Rep. Perry Stambaugh (R-Perry/Juniata) was passed over as well despite his request to serve on the committee. Stambaugh’s qualifications include being a sixth-generation farmer with a 200-acre crop farm in Perry County and working as a rural and agricultural magazine editor for multiple local and national publications, including the Pennsylvania Farmer magazine.
House Minority Leader Bryan Cutler (R-Lancaster, District 100) is responsible for making the committee assignments for Republican representatives and submitting them to the Committee on Committees for approval. Nicole Reigelman, press secretary to House Speaker McClinton, told The Lancaster Patriot, “All recommendations made by the minority leader (Cutler) this session were accepted.”
In a March 7 press release, Cutler said, “Committees are the foundation of legislating, and Republican members have a lot to offer based on their knowledge, skills and abilities as well as their experiences.” He went on to say, “Our leadership team has worked to populate each committee to maximize conservative voices on important issues likely to emerge this term to ensure the voices of the people we represent are heard and we can offer true collaboration on the issues facing Pennsylvania.”

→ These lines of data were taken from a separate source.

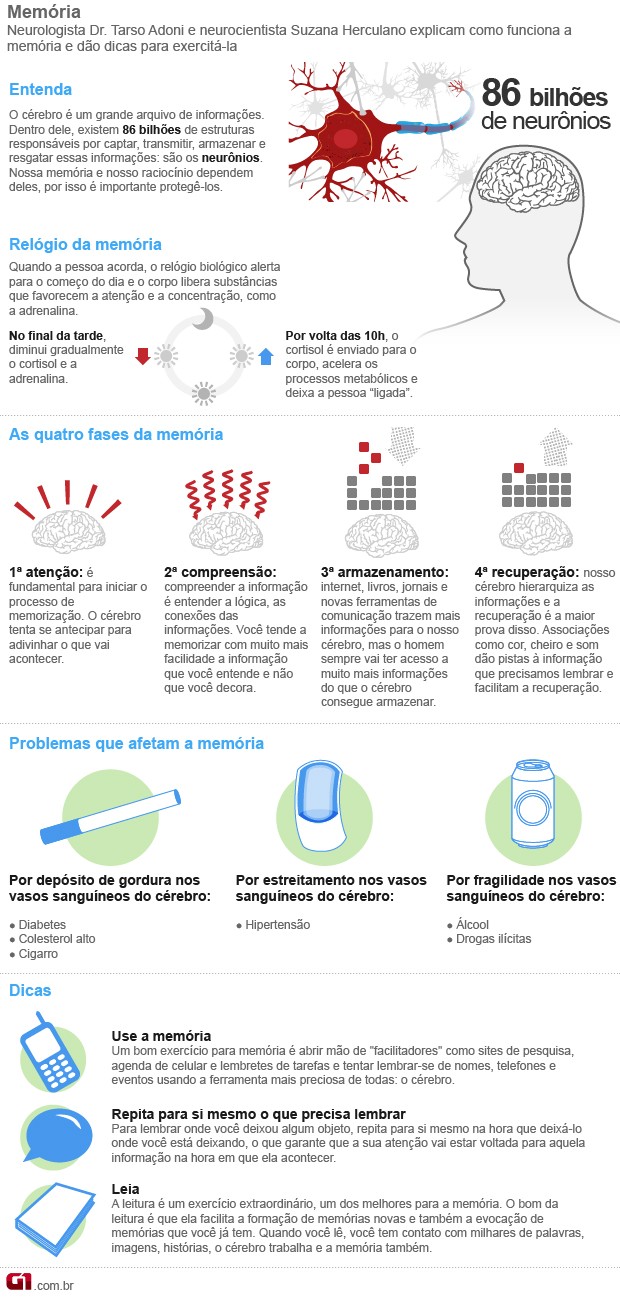 Memória (Foto: Arte/G1)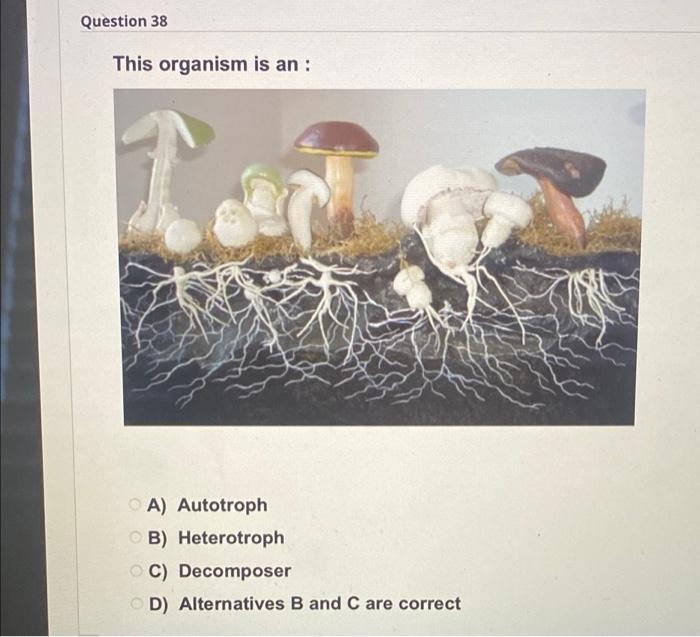 Solved Question 38 This Organism Is An : A) Autotroph B) | Chegg.com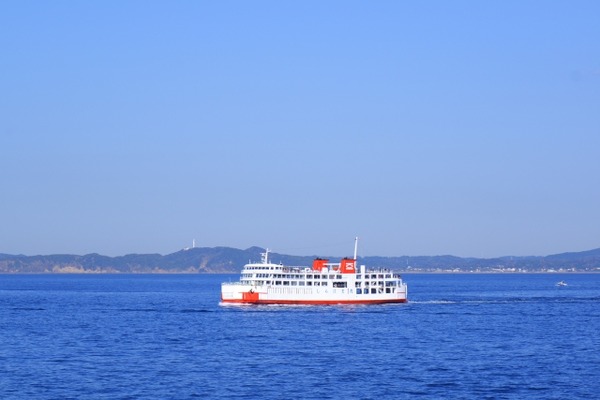 26167557_s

In this House session, the Agriculture and Rural Affairs Committee has only four representatives from among the 15 counties with the most farmland in acreage of Pennsylvania’s 67 counties — yet there are eight representatives from among the 15 counties with the least amount of farmland. Four of those representatives are from Philadelphia County, which has the least farmland in the state at only 284 acres, an especially stark contrast to Lancaster County, which has the most farmland at 393,949 acres.
Committee assignments can be changed throughout the session by the party leader.